• _THE RECORDS_

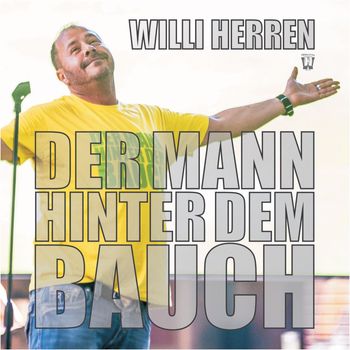 Willi Herren - Der Mann hinter dem Bauch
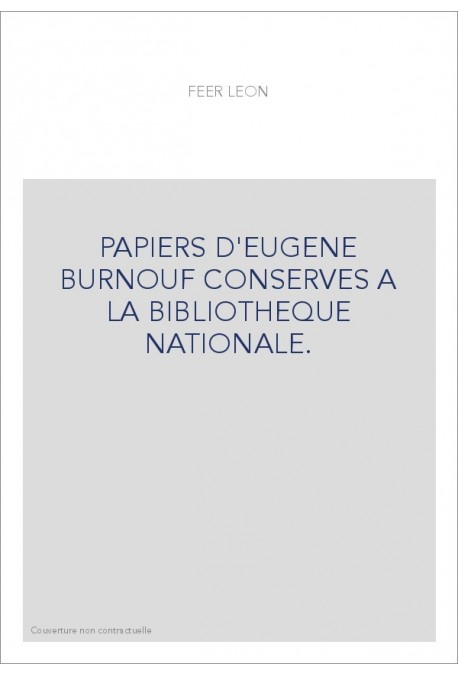 PAPIERS D'EUGENE BURNOUF CONSERVES A LA BIBLIOTHEQUE NATIONALE. CATALOGUE DRESSE PAR LEON FEER,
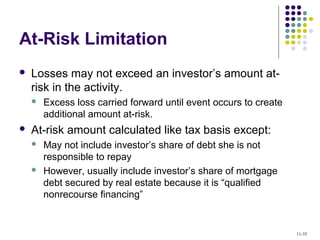 At-Risk Limitation
 Losses may not exceed an investor’s amount at-
risk in the activity.
 Excess loss carried forward until event occurs to create
additional amount at-risk.
 At-risk amount calculated like tax basis except:
 May not include investor’s share of debt she is not
responsible to repay
 However, usually include investor’s share of mortgage
debt secured by real estate because it is “qualified
nonrecourse financing”
11-35
 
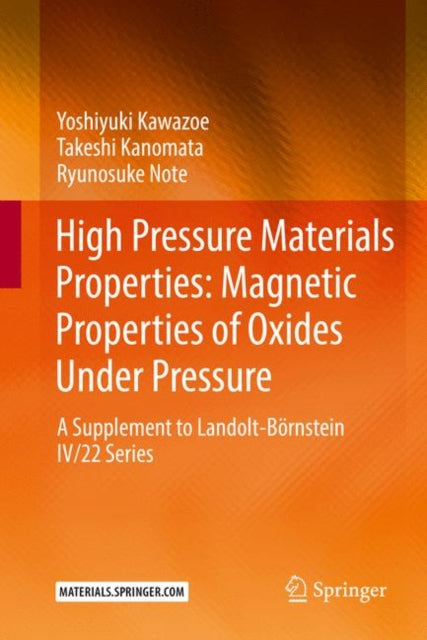High Pressure Materials Properties: Magnetic Properties of Oxides Under Pressure: A Supplement to Landolt-Bornstein IV/22 Series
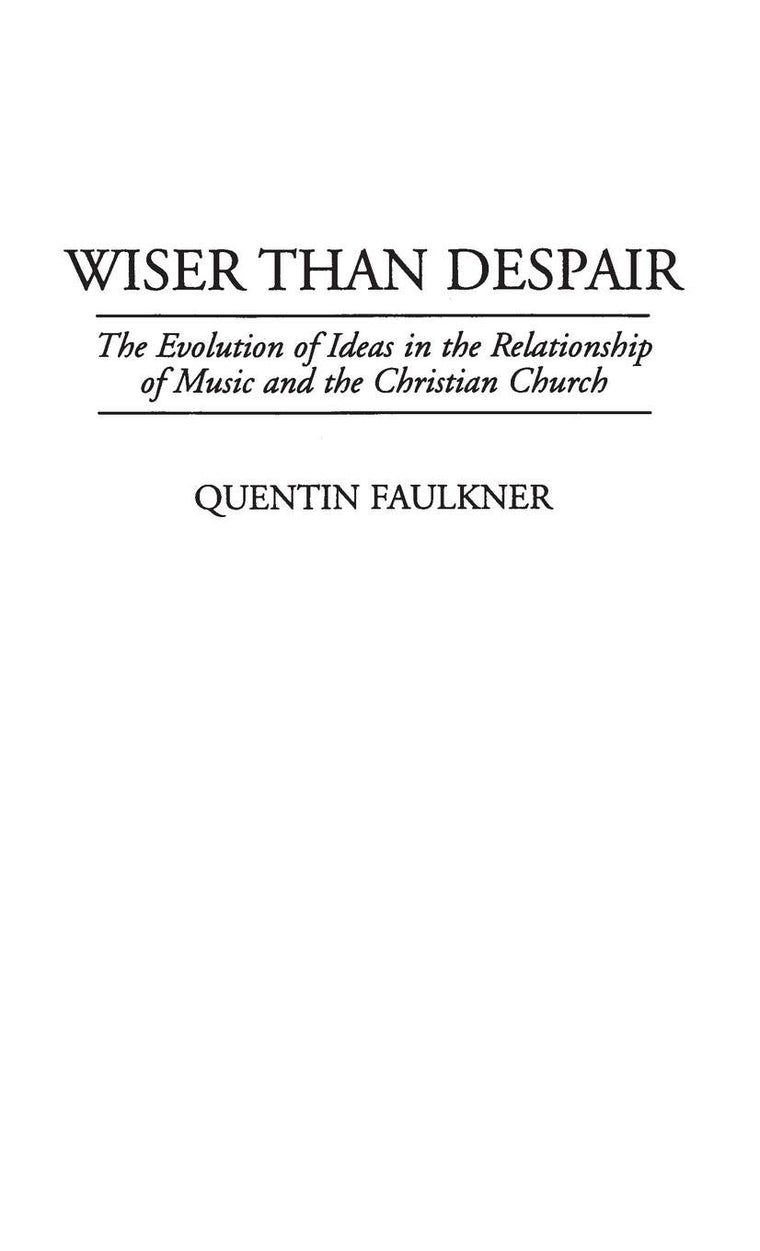 Wiser Than Despair: The Evolution of Ideas in the Relationship of Music and the Christian Church (Contributions to the Study of Music and Dance)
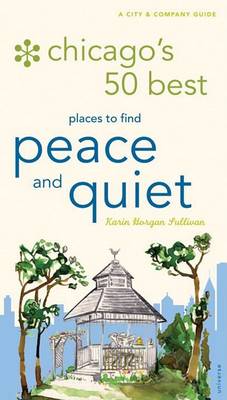 Book cover for Chicago's 50 Best Places to Find Peace and Quiet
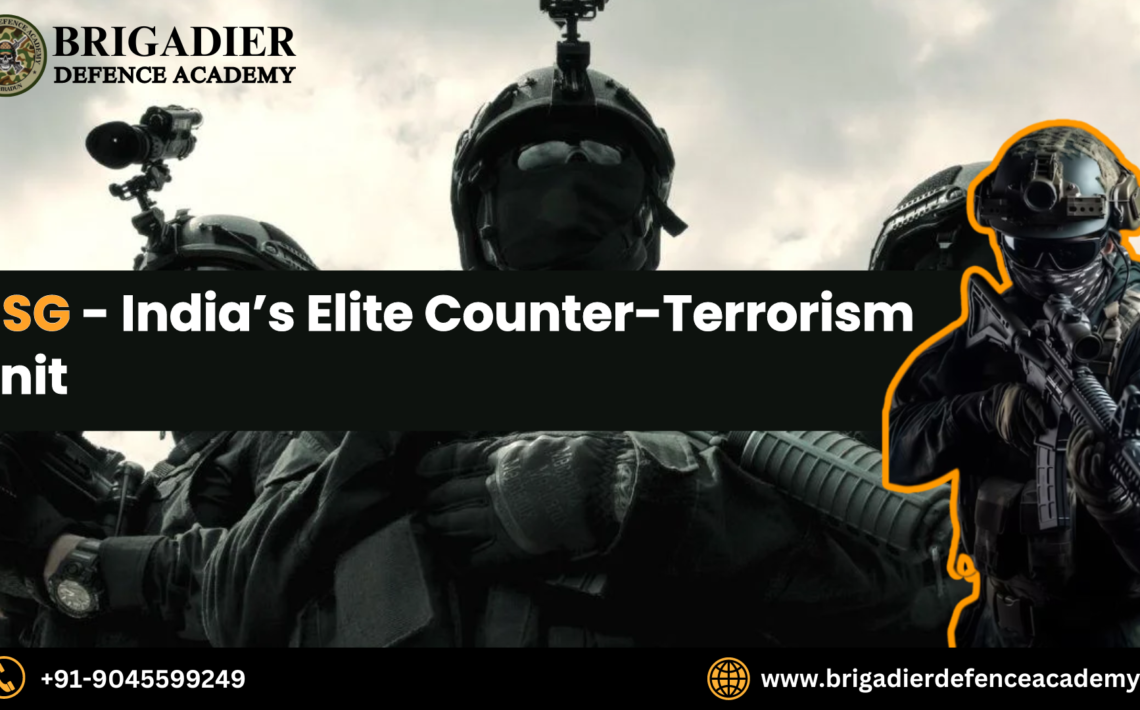 The National Security Guard(NSG): India’s Premier Counter-Terrorism Force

• _AIM OF THE TASK_
Set the pictures aside and transcribe exactly the stretch of lines above, beginning with the one holding "debt secured by" and ending with the one holding "High Pressure Materials".

• _TASK SOLUTION_
debt secured by real estate because it is “qualified
nonrecourse financing”
11-35
 
High Pressure Materials Properties: Magnetic Properties of Oxides Under Pressure: A Supplement to Landolt-Bornstein IV/22 Series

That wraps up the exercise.